Chase only what's missing

Here's where the agent stops being a mail relay and starts being useful. After every inbound, diff the checklist. If anything is still missing, send a follow-up that names only those items - never a blanket "please send your documents," which makes the applicant who already sent three files feel ignored.

async function processInbound(msg, context) {
  const fullMsg = await getMessage(AGENT_GRANT_ID, msg.id);
  await ingestAttachments(fullMsg, context); // download + mark received

  const checklist = await db.getChecklist(context.applicant);
  const missing = Object.entries(checklist)
    .filter(([, status]) => status === "missing")
    .map(([item]) => item);

  if (missing.length === 0) {
    await confirmComplete(msg, context);
    await db.setStatus(context.applicant, "complete");
  } else {
    await chaseMissing(msg, context, missing);
  }
}

The follow-up is an in-thread reply, so it lands in the same conversation the applicant already knows:

nylas email reply <MSG_ID> <GRANT_ID> \
  --body "Thanks Jordan - got your pay stub. We still need your government ID, last bank statement, and the signed disclosure. Reply here with those and you're done."

The equivalent send via the API sets reply_to_message_id so Nylas writes the In-Reply-To and References headers for you and the reply threads cleanly:

curl --request POST \
  --url "https://api.us.nylas.com/v3/grants/<GRANT_ID>/messages/send" \
  --header "Authorization: Bearer <NYLAS_API_KEY>" \
  --header "Content-Type: application/json" \
  --data '{
    "reply_to_message_id": "<MSG_ID>",
    "to": [{ "email": "applicant@example.com" }],
    "subject": "Re: Documents needed for your loan application",
    "body": "Thanks Jordan - got your pay stub. We still need your ID, bank statement, and signed disclosure."
  }'

When missing is empty, the agent sends the confirmation and closes the applicant out. The loop terminates on its own. No human polls a queue to notice a file is complete.

The cadence of the chase - daily nudge, escalate after a week, hand off to a human after two - is a scheduler in your code, not a Nylas feature. Drive it off the applicant's status and a last_chased_at timestamp. The mailbox is the transport; the persistence and the timing are yours.

Guardrails I'd build in from day one

A few things that bite if you skip them:

  • Dedup is non-negotiable. Webhook redelivery is normal, not exceptional.
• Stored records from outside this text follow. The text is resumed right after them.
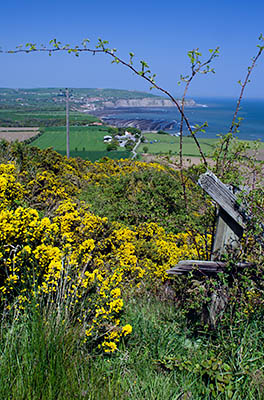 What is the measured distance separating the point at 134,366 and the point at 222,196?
62.3 inches

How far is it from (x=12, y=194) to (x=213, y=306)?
402cm

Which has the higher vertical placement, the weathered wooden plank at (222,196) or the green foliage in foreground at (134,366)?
the weathered wooden plank at (222,196)

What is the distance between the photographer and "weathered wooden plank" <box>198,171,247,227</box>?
2.79 meters

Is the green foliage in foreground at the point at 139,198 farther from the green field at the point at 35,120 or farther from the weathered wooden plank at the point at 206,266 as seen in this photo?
the green field at the point at 35,120

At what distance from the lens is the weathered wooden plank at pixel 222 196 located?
279 cm

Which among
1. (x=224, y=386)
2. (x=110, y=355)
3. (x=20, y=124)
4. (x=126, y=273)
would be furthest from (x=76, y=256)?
(x=20, y=124)

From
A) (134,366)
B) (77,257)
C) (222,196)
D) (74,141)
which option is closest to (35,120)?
(74,141)

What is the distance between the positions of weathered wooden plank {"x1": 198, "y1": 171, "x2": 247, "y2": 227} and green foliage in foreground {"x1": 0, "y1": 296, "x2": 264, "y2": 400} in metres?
0.93

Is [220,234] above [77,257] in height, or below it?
above

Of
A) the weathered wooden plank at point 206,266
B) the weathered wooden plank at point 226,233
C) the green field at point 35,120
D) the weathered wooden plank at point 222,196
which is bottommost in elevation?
the weathered wooden plank at point 206,266

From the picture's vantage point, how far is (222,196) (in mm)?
2836

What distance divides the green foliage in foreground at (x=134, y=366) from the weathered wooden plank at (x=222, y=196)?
3.05ft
Key on inbound message_id and check it before ingesting attachments, or one re-delivered reply marks the same document received twice - or worse, double-sends a confirmation.

  • State is your source of truth, not the inbox. Don't recompute "what's missing" by scanning the mailbox each time. Read the applicant record. The inbox is mail; the checklist is data.

  • Validate attachments before you trust them. People reply with the wrong file, a screenshot, an empty PDF. Check content_type and size from the attachment metadata, and ideally have a model confirm the document is what the slot expects before flipping it to received.

  • Watch the bounce signals. Agent Accounts emit message.bounced and message.complaint webhooks. If your chase emails are bouncing, stop chasing and flag the applicant - a polite nudge to a dead address isn't progress.

  • Respect the limits. 200 messages per account per day on the free plan. A chase-heavy flow across many applicants adds up; batch your follow-ups and don't nudge the same person twice in an hour.

What's next

You now have the shape of a stateful collection agent: it owns an address, sends a checklist, ingests inbound attachments, tracks received-vs-missing in your own store.